The Nazi Hunters
CHAPTER ONE The Hangman’s Handiwork
My husband was a military man all his life. He was entitled to a soldier’s death. He asked for that. I tried to get that for him. Just that. That he should die with some honor.”
The widow of a hanged German general speaking to an American judge at Nuremberg, from the 2001 Broadway production of Judgment at Nuremberg written by Abby Mann
On October 16, 1946, ten of the twelve top Nazis whom the International Military Tribunal had condemned to death by hanging were sent to the gallows, which had been hastily constructed in the Nuremberg prison gym where American security guards had played a basketball game only three days earlier.
Martin Bormann, Adolf Hitler’s right-hand man, who had escaped from his bunker in Berlin during the final days of the war and then seemingly vanished, was the only one of the twelve convicted and sentenced in absentia.
As the highest ranking Nazi in Nuremberg, Hermann Göring—who had served Hitler in a variety of functions, including president of the Reichstag and commander in chief of the air force, and aspired to succeed der Führer—was due to be hanged first.
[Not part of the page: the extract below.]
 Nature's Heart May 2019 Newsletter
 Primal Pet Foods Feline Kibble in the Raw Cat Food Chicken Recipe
The court’s verdict spelled
out his unambiguous role: “
There is nothing to be said in mitigation. For Göring was often, indeed almost always, the moving force, second only to his leader. He was the leading war aggressor, both as political and military leader; he was the director of the slave labor program and the creator of the oppressive program against the Jews and other races at home and abroad. All of these crimes he has frankly admitted.”
But Göring eluded the hangman by biting into a cyanide pill shortly before the executions were to begin. Two weeks earlier he had returned to his cell after the verdicts were read, “
his face pale and frozen, his eyes popping,” according to G. M. Gilbert, the prison psychiatrist who was there to meet the condemned men. “His hands were trembling in spite of his attempt to appear nonchalant,” Gilbert reported. “His eyes were moist and he was panting, fighting back an emotional breakdown.”
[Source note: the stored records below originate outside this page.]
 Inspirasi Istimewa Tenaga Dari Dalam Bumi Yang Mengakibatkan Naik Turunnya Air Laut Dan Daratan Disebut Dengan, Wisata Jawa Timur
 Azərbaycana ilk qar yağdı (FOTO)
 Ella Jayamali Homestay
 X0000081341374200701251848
What particularly incensed Göring and some of the others was the planned method of execution. Corporal Harold Burson, a twenty-four-year-old from Memphis who was given the assignment to report on the trial and write the daily scripts for the Armed Forces Network, recalled: “
The one thing that Göring wanted to protect above everything else was his military honor. He made the statement more than once that they could take him out and shoot him, give him a soldier’s death, and he would have no problem with that. His problem was that he thought that hanging was the worst thing they could do to a soldier.”
Fritz Sauckel, who had overseen the slave labor apparatus, shared those sentiments. “
Death by hanging—that, at least, I did not deserve,” he protested. “The death part—all right—but that—That I did not deserve.”
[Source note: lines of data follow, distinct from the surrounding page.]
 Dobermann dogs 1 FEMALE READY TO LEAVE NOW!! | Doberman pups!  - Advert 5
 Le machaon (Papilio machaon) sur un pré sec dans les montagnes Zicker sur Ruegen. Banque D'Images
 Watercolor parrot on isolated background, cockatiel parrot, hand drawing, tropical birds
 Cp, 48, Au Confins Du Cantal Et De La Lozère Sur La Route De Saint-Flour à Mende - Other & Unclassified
Field Marshal Wilhelm Keitel and his deputy General Alfred Jodl pleaded to be spared the noose. Instead, they asked for a firing squad, which would offer them, in Keitel’s words, “
a death which is granted to a soldier in all armies of the world should he incur the supreme penalty.” Admiral Erich Raeder had been sentenced to life imprisonment, but he requested the Allied Control Council “to commute this sentence to death by shooting, by way of mercy.” Emily Göring reportedly later claimed that her husband only planned to use the cyanide capsule if “
his application to be shot was refused.”
That left ten men to face the hangman, U.S. Army Master Sergeant John C. Woods.
Herman Obermayer, a young Jewish GI who had worked with Woods at the end of the war, providing him with basic materials such as wood and rope for scaffolds for earlier hangings, recalled that the beefy thirty-five-year-old Kansan “defied all the rules, didn’t shine his shoes and didn’t get shaved.”
There was nothing accidental about the way Woods looked. “His dress was always sloppy,” Obermayer added. “His dirty pants were always unpressed, his jacket looked as though he slept in it for weeks, his M/Sgt. stripes were attached to his sleeve by a single stitch of yellow thread at each corner, and his crumpled hat was always worn at an improper angle.”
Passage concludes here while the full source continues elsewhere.